I definitely am one of those people who's going to have to eat my words of things I said when I wasn't pregnant. I confess, I said, if it were my kid, I'd do this or I'd do that, but even in this short 6 weeks, I didn't realize how hard this is. And no one can ever tell you. It's the hardest thing I've ever done in my life. 

Challenges I've faced so far:

1) Ellie had an issue with latching. The first night, she screamed all night because she was hungry, and we eventually had to tube feed her because we couldn't get her to latch. I saw the lactation consultant like, 5 times in the hospital and one time after I was discharged. We're still learning - in week 6. 

2) I have an oversupply and overactive letdown issue. I remember I was so worried about having enough supply before she was born, that I prayed and prayed I would have enough. Well, God answered but maybe I shouldn't have focused so much on supply! The only reason it's an issue is that it has contributed to her inability to latch (we're using this shield that helps but ideally, we'd get off of that asap), as well as it contributing to her reflux simply because it chokes her and it's a lot all at one time. 

3) At about 4 weeks, she kept getting fussier and fussier, and was having some issues (poopy) so we found out she is allergic to Casein, a protein found in milk. I was happy to find it, but it was tough with her screaming all day long in pain. It's taking 2 weeks for it to completely get it out of my system, and I think we're getting out of the woods. We also found out that she has reflux on top of that. 

4) In addition to her food allergies, I also developed mastitis which is an infection of your breast tissue and can bring on flu like symptoms.

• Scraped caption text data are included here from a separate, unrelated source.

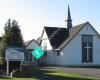 Otaki Waikanae Presbyterian Parish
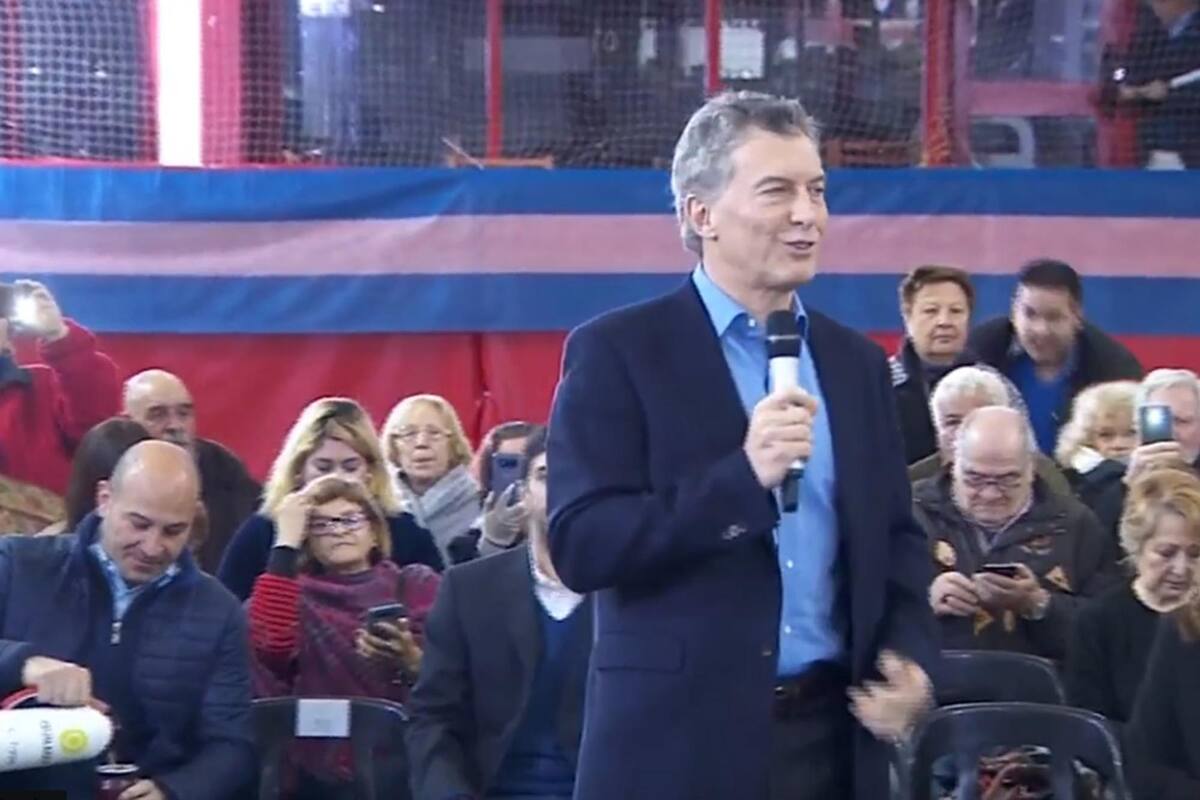 Los préstamos de hasta $80.000, con tasa reducida, buscan atemperar el impacto de la crisis en sectores vulnerables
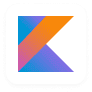 Kotlin icon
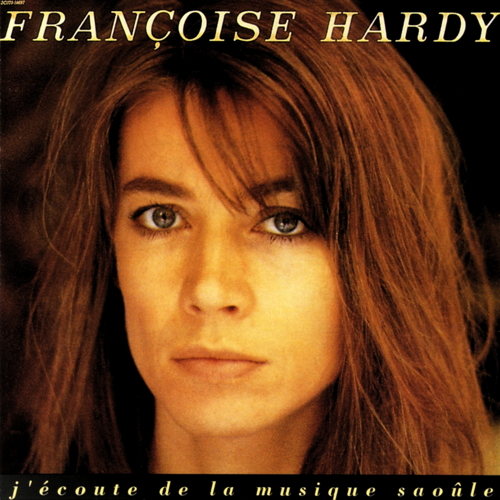 Musique Saoûle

I was very sick and while I caught it early enough, I felt miserable for a couple of days. My body hurt, I had a terrible headache and towards the end of the day, my hands were tingling and going numb, my joints were hurting and I had shortness of breath. It was unreal. 

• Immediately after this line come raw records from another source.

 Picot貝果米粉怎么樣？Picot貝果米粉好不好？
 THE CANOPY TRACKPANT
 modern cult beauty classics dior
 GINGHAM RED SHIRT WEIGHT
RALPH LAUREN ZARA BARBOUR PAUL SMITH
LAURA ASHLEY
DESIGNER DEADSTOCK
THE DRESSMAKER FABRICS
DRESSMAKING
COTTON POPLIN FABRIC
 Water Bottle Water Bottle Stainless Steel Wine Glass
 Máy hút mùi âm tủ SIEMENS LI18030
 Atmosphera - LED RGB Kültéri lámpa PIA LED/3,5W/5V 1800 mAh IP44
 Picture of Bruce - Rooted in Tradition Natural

So needless to say, it was rough the first 4 weeks. Over the past couple of weeks, she's been a completely different baby. She's been so happy, smiling and laughing, recognizing my voice, getting better sleep, although she's not much of a sleeper, etc. 











The thing that makes it all hard is that your baby is crying and your body physically reacts to it. You love that baby so much, more than you ever thought you could love something, and you can't help her feel better. 

That's the other challenge I've had with her. I'm one that typically keeps myself closed off from people. While I'll tell you anything about myself, I tend to keep a distance from all and rarely let people in completely. It's, I guess, a way of protecting myself. But with this baby, I'm completely vulnerable. I love her more than anything I could have ever imagined and it's a love that's almost too big, if that makes sense. I can't protect myself from her. If something happens to her, I'd be devastated so I have to rely on God. I pray more now than I've ever prayed because I feel helpless in protecting her. The worst thing I can do to her is allow my fear to hinder her life experience and so I have to just trust in God. It's also made me very sensitive to other mothers and their struggles. One girl I know just had a baby and is struggling with stomach cancer. Another girl I know had triplets at 27 weeks, so they're in the NICU. A lady I work with has an 18 yr old with leukemia. Someone I know who's had trouble getting pregnant, recently did but it's still very early. All of these things make me pray for them as well. I don't want anyone in the world to feel the loss of their child because I know what that fear feels like. It's all good, I think we're supposed to live with an open heart. I think that's what God wants, but WOW - that's hard to do. 

So after what feels like a very long post, that's my thoughts after 6 weeks of motherhood. I love every second of it and even though it's way harder than I ever imagined, I'd do it all over again in a heartbeat.